### Problem to work on
The records below hold a stretch from the line with "1000pcs Medium Waxed" through the line with "Strain gauge 0.6/120"; return exactly those lines, ends included, and nothing more.

### Dataset extract
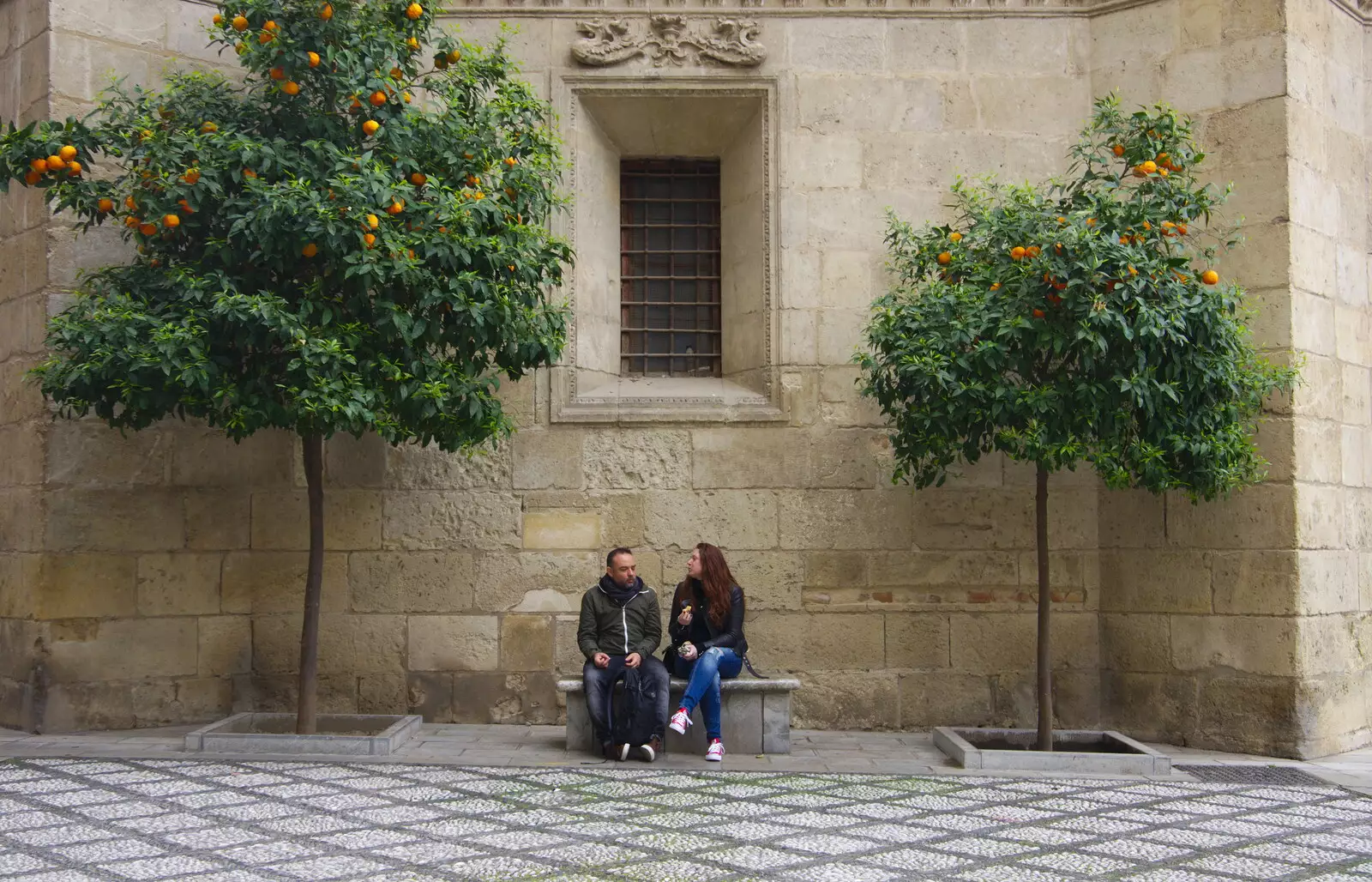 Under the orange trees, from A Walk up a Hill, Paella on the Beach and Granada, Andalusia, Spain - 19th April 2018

...

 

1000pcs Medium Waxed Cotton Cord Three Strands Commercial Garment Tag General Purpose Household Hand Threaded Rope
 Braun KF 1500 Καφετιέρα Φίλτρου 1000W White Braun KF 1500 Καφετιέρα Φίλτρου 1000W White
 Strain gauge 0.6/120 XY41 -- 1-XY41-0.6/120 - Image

...

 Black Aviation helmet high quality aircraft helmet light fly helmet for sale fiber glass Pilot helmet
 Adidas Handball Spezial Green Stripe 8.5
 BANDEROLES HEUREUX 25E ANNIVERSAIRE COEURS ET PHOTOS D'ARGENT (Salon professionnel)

### Written reply
1000pcs Medium Waxed Cotton Cord Three Strands Commercial Garment Tag General Purpose Household Hand Threaded Rope
 Braun KF 1500 Καφετιέρα Φίλτρου 1000W White Braun KF 1500 Καφετιέρα Φίλτρου 1000W White
 Strain gauge 0.6/120 XY41 -- 1-XY41-0.6/120 - Image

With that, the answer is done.